The secretary’s participation, along with that of Gen. Mark Milley, the chairman of the Joint Chiefs of Staff, was criticized about whether the two men were allowing the military to be used for political gain. Among those blasting the move was retired Adm. Mike Mullen, the 17th chairman of the Joint Chiefs of Staff, who attacked Esper’s statement on a call with governors in which the secretary said the government must “dominate” the “battlespace.”
On June 3, Esper held a news conference in which he appeared to publicly split with Trump about the idea of invoking the Insurrection Act, which would allow the president to use active-duty military personnel for crowd control.
“The option to use active-duty forces in a law enforcement role should only be used as a matter of last resort, and only in the most urgent and dire of situations. We are not in one of those situations now,” Esper said. “I do not support invoking the Insurrection Act.”

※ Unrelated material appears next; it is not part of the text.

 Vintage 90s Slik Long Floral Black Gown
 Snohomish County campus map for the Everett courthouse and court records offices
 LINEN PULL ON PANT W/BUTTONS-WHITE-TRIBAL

Those comments appeared to doom Esper’s long-term prospects, with multiple media outlets reporting that White House staff were furious with Esper, and that the president himself was mad and considering dumping the former Raytheon lobbyist. While Esper held onto the job then, his public appearances afterward were more guarded; he held only one more open press briefing, in July, and largely avoided taking questions from reporters who travelled with him.

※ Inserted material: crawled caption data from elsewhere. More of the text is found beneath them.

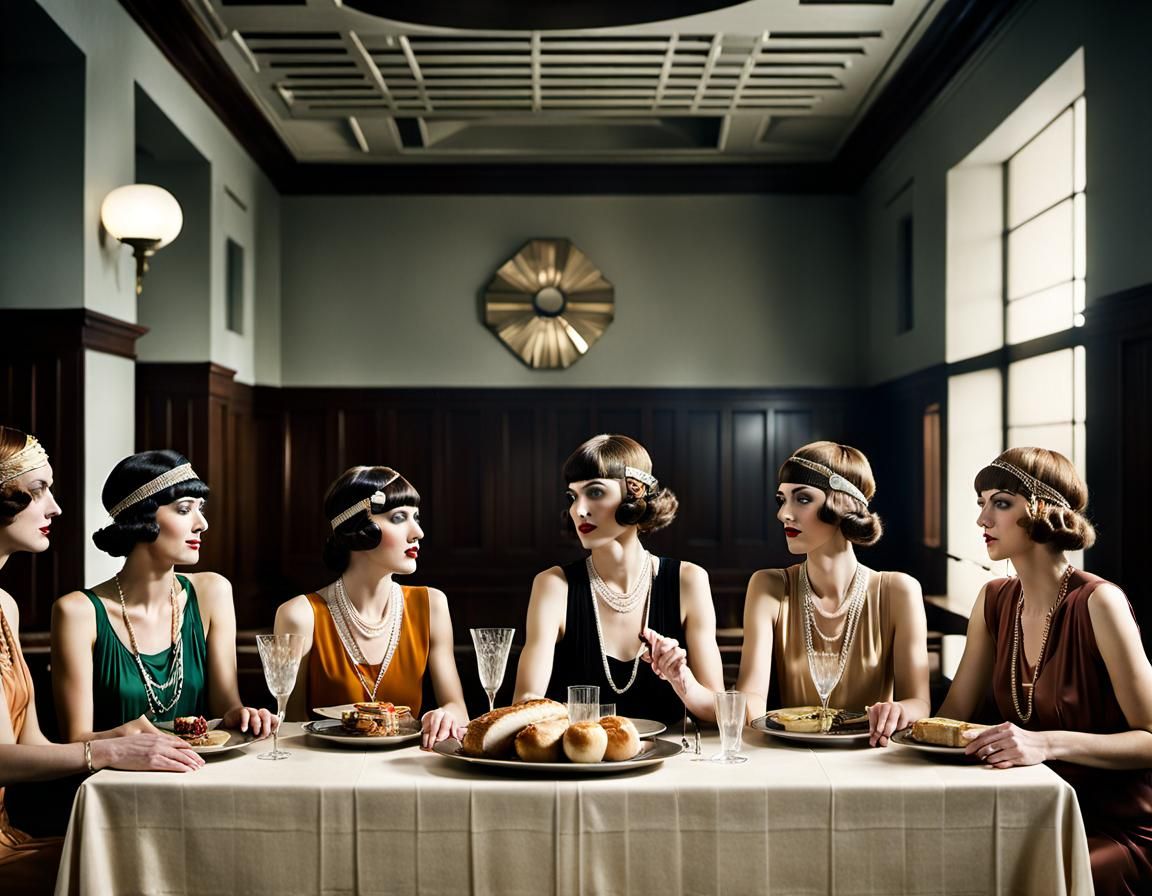 Last Supper Reimagined: Flapper Girls in Art Deco Style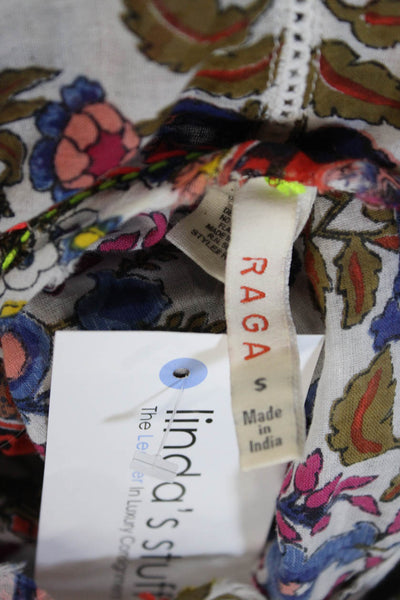 Raga Womens Multicolor Floral Cotton Scoop Neck Sleeveless Tunic Size S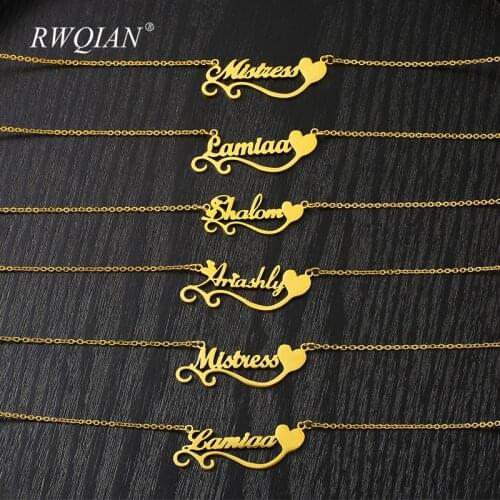 Personalized Custom Name Necklace Heart Pendant Choker Stainless Steel Chains Necklaces For Women Customized Nameplate Necklace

In October, Esper launched a series of speeches at various Washington think tanks, which seemed designed at burnishing his legacy as having successfully implemented the National Defense Strategy. During those events, he took no questions submitted by the audience, and questions from the moderator were almost uniformly tied to the specific subject Esper wished to discuss.
Some Democratic lawmakers have already voiced fears Esper’s exit will risk national security and deepen the country’s period of uncertainty.
“This president can still do a lot of damage between now and January. We can’t take our eyes off the ball yet,” Senate Intelligence Committee ranking member Mark Warner, D-Va., said in a statement. “Secretary Esper deserves our thanks for his service. And our country deserves better than this.”
“How does firing Secretary of Defense Esper keep us safe 70 days from [Trump] being fired?” added House Military Personnel Subcommittee Chair Jackie Speier, D-Calif.
House Armed Services Committee Chairman Adam Smith, D-Wash., was similarly direct.
“Dismissing politically appointed national security leaders during a transition is a destabilizing move that will only embolden our adversaries and put our country at greater risk,” Smith said. “President Trump’s decision to fire Secretary Esper out of spite is not just childish, it’s also reckless.
“It has long been clear that President Trump cares about loyalty above all else, often at the expense of competence, and during a period of presidential transition competence in government is of the utmost importance.”
Joe Gould in Washington contributed to this story.